Nello stesso verbale - ed è la novità trapelata ieri - il tredicenne rivela che la sorella se l’era ritrovato pure a Messa: «Yara mi aveva raccontato che all’inizio dell’estate del 2009 lo stesso individuo la osservava in chiesa, seduto nello stesso banco, e armeggiava col telefonino come se stesse digitando i numeri sulla tastiera».

Non sarebbe stato un episodio sporadico, quello raccontato dal ragazzino. La sorella all’inizio ne aveva solo parlato, ma quando gli aveva indicato l’uomo in una occasione successiva,sempre seduto a pochi posti di distanza da loro, anche il tredicenne lo aveva «visto rifare quel gesto col cellulare».

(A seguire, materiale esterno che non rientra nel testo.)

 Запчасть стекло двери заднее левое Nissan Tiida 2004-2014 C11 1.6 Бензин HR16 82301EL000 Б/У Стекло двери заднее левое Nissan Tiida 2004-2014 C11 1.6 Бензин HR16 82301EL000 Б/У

Intanto la Procura di Bergamo ha fatto il punto sulle indagini. «Il puzzle è quasi completato. Ma ci guardiamo bene dal considerare il caso ancora chiuso. Ci sono gravi indizi di reato e necessità di esigenze cautelari». Quello della tragica fine di Yara Gambirasio, e dell’arresto di Massimo Giuseppe Bossetti, in cella da lunedì 16 giugno. «È stata un’indagine faticosissima, ma ogni giorno qualche tassello andava a completare il puzzle» ammette il pm Letizia Ruggeri nella conferenza stampa in in Procura. «Non avete idea di quanta fatica è stata fatta in un’indagine a elenchi, con nessun testimone e ben poche telecamere funzionanti. Nei primi mesi è stato un incubo».

Poi la svolta, purtroppo tragica: «Il ritrovamento del cadavere di Yara ha dato una svolta alle indagini. Come è noto i cadaveri danno informazioni e sapere che sugli slip è stato localizzato questo dna. A questo punto il dna è stato il faro alla luce del quale proseguire le indagini».

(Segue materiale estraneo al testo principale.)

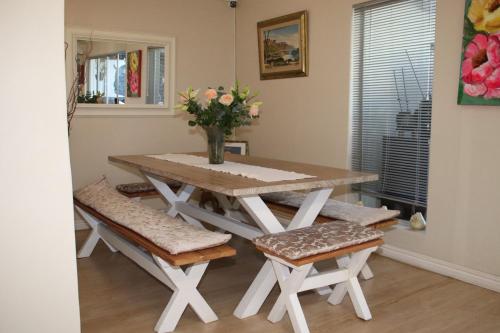 a dining room table with benches and a vase of flowers at Tygerviews on Uys in Tygerberg Hills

Partendo da un punto fermo «Dopo aver riesumato il cadavere di Guerinoni, non abbiamo avuto più nessun dubbio sul fatto che fosse il padre del soggetto che stavamo cercando».

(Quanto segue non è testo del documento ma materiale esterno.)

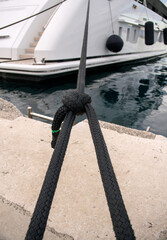 Fototapeta premium Black braided mooring rope knotted on quay with luxury yacht stern in blurred background.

«Un’indagine impossibile, affascinante» ha aggiunto il procuratore capo Francesco Dettori. Che si è tolto qualche sassolino dalla scarpa: «Sono stati impegnati svariati milioni di euro: un impegno di spesa che si è prestato a critiche totalmente ingiustificate visto il risultato al quale si è pervenuto. Quando c’è di mezzo la morte di un’adolescente di 13 anni, lo Stato non deve badare a spese. Sono state polemiche aride e stupide».

«C’è stato un apporto della scienza nelle indagini come forse mai in precedenza’»: lo ha detto Mario Parente, comandante del Ros, aggiungendo che «è stato un lavoro enorme, una prova enorme di professionalità» perché «è stato difficilissimo isolare il Dna’un’operazione di assoluta avanguardia nel settore. E non è vero che sono mancati fondi per le indagini».